Given data:
——
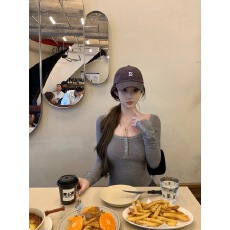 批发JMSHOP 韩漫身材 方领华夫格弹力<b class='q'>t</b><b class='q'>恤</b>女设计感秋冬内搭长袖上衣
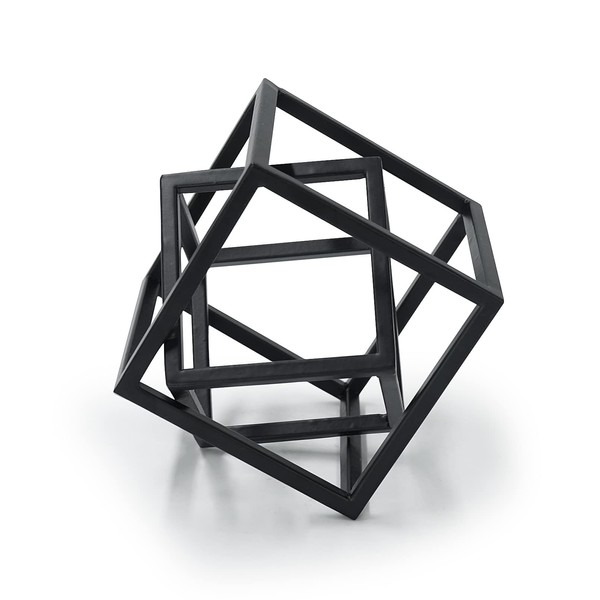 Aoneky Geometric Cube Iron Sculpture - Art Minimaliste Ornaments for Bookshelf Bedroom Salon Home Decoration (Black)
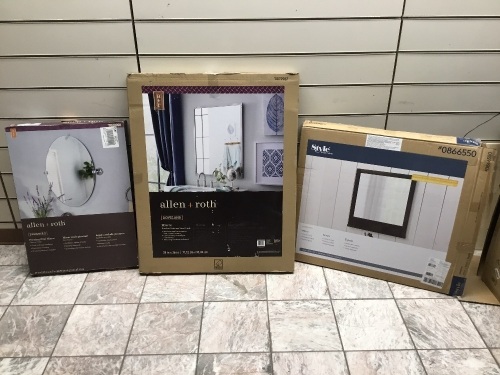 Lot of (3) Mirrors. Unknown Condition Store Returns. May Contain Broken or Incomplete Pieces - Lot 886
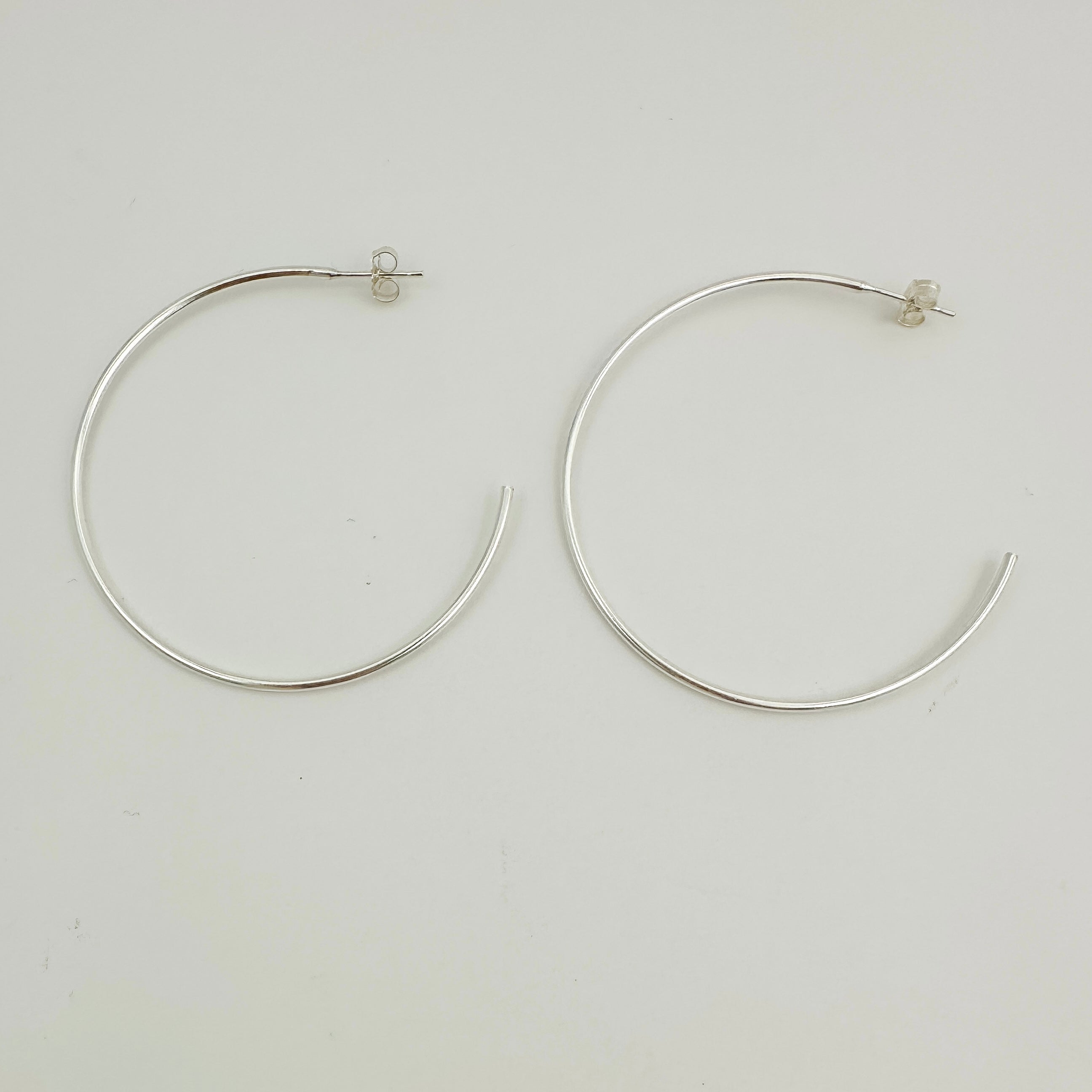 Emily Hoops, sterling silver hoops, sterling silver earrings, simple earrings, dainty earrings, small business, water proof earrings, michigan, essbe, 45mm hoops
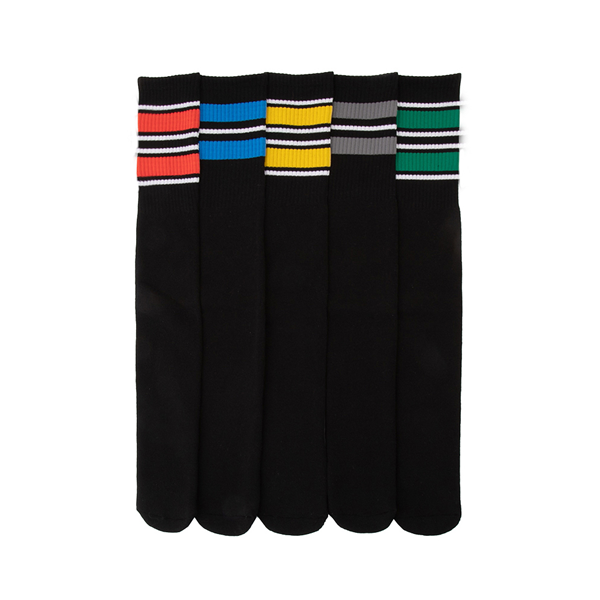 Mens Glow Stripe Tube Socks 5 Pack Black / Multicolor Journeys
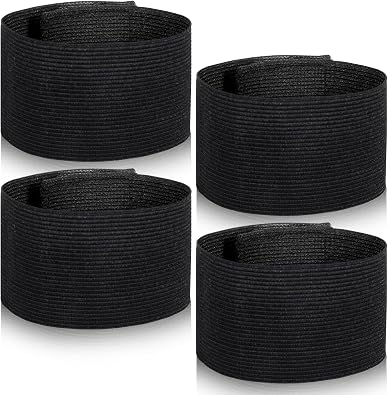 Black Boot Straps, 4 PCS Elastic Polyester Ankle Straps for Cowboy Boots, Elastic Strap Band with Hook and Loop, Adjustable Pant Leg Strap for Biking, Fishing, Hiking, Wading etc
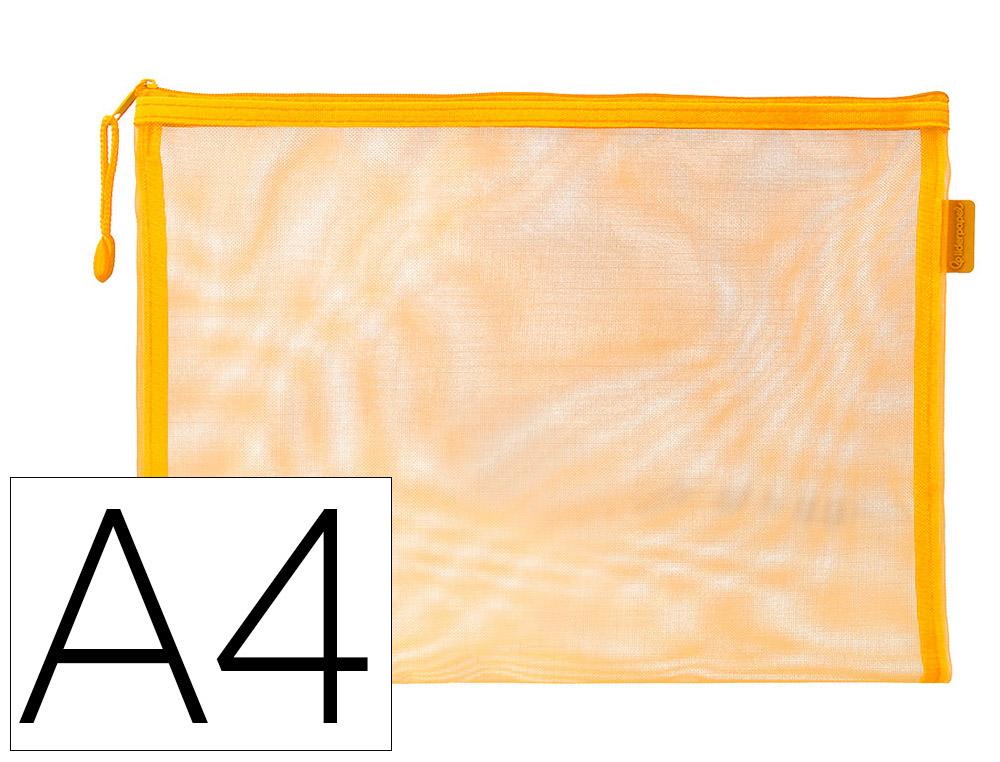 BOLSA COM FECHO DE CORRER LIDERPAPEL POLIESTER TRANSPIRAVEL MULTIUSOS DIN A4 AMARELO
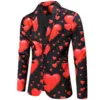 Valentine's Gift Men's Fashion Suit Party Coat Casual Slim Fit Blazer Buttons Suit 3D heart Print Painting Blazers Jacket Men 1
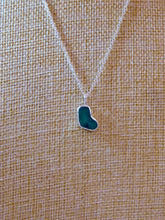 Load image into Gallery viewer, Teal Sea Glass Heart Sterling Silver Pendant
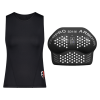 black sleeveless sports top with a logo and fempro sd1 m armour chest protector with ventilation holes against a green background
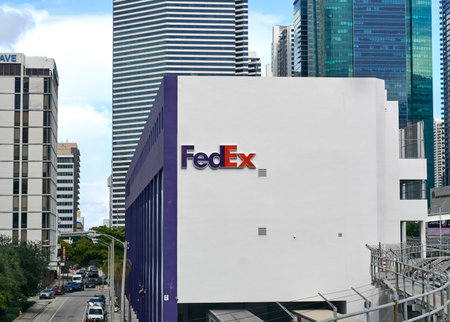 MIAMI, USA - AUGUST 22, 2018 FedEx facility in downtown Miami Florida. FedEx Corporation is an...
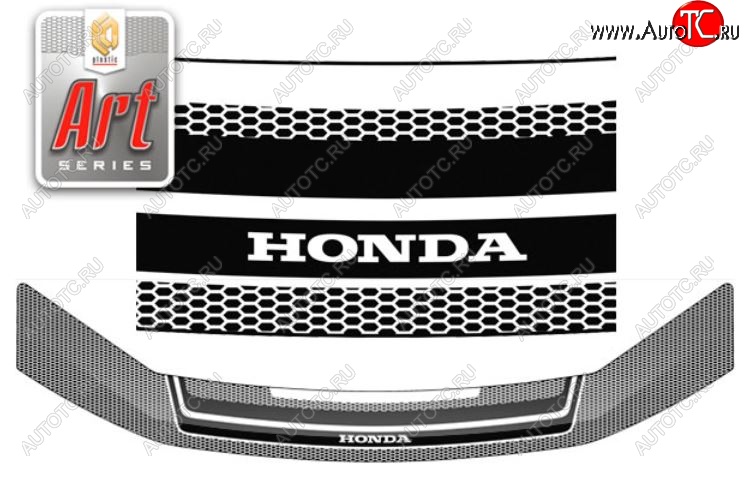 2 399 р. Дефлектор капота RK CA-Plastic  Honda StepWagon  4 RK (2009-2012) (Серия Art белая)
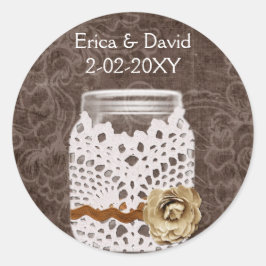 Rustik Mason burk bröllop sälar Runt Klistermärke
——
Activity:
When you reach the line with "Aoneky Geometric Cube" in the records above, begin repeating the lines exactly, and stop after the line with "Mens Glow Stripe". Skip all pictures.

Solution for this task:
 Aoneky Geometric Cube Iron Sculpture - Art Minimaliste Ornaments for Bookshelf Bedroom Salon Home Decoration (Black)
 Lot of (3) Mirrors. Unknown Condition Store Returns. May Contain Broken or Incomplete Pieces - Lot 886
 Emily Hoops, sterling silver hoops, sterling silver earrings, simple earrings, dainty earrings, small business, water proof earrings, michigan, essbe, 45mm hoops
 Mens Glow Stripe Tube Socks 5 Pack Black / Multicolor Journeys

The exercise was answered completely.